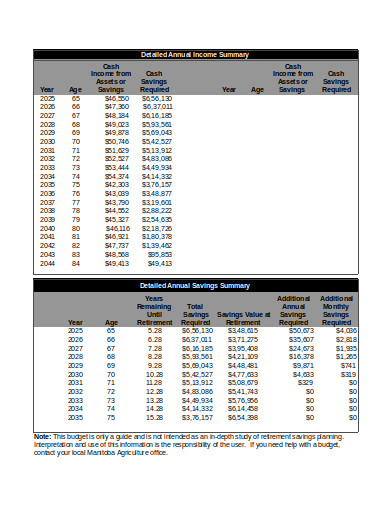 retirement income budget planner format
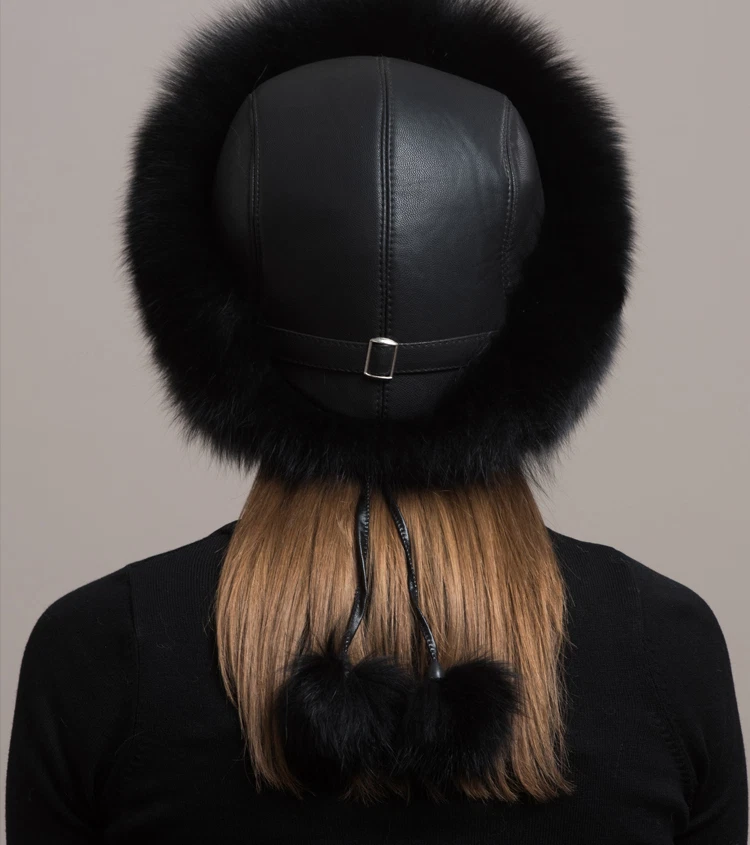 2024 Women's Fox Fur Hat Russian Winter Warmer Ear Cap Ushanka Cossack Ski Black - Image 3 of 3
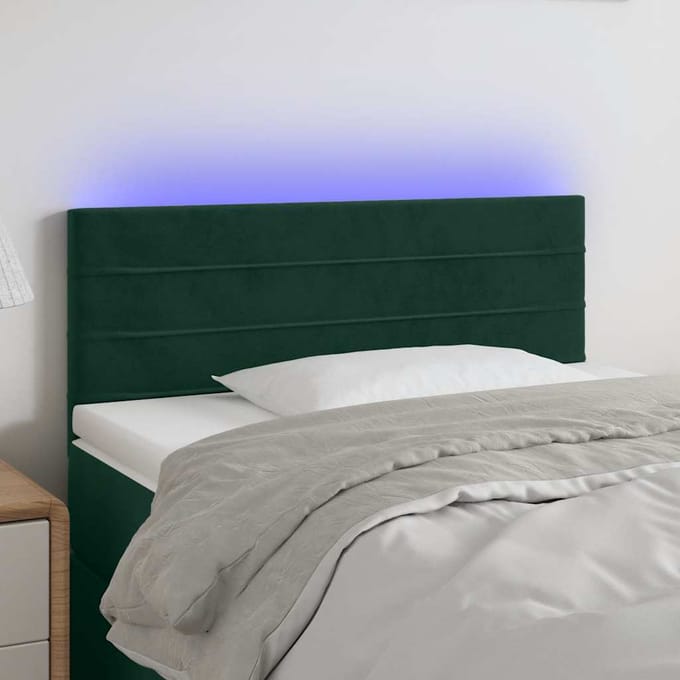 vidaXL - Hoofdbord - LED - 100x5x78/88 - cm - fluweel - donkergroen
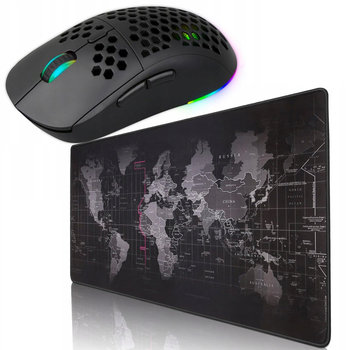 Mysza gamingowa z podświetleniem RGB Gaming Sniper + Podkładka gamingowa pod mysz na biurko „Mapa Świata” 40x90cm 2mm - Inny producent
...
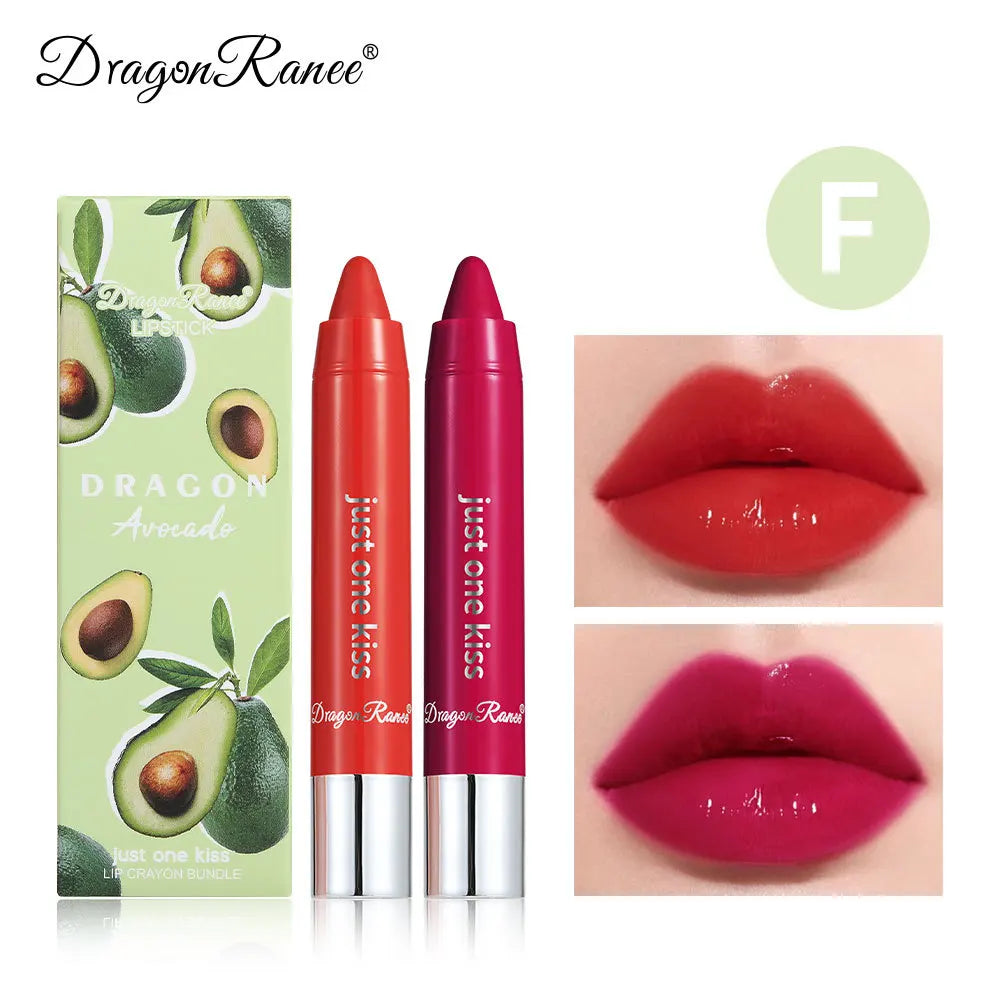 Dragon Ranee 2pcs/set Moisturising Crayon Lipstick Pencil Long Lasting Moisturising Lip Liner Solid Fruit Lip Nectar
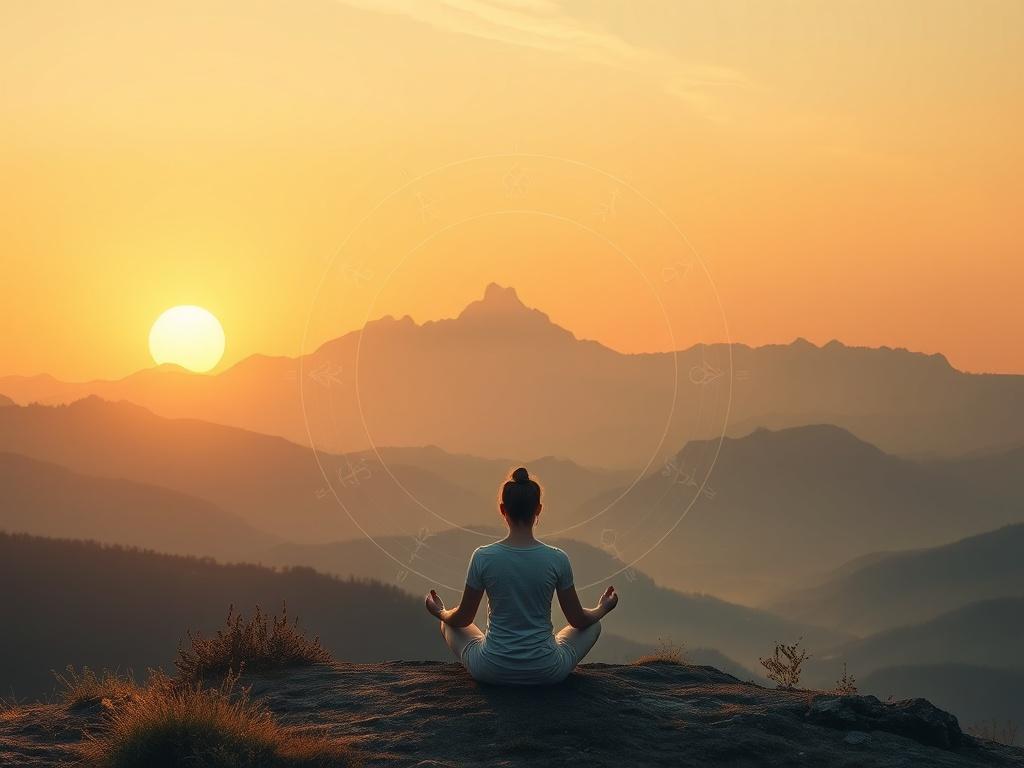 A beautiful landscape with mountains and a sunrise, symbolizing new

* **Task to carry out**
Retype the lines above exactly as they appear, from the line containing "retirement income budget planner format" through the line containing "Mysza gamingowa z", and leave out any pictures.

* **The answer**
 retirement income budget planner format
 2024 Women's Fox Fur Hat Russian Winter Warmer Ear Cap Ushanka Cossack Ski Black - Image 3 of 3
 vidaXL - Hoofdbord - LED - 100x5x78/88 - cm - fluweel - donkergroen
 Mysza gamingowa z podświetleniem RGB Gaming Sniper + Podkładka gamingowa pod mysz na biurko „Mapa Świata” 40x90cm 2mm - Inny producent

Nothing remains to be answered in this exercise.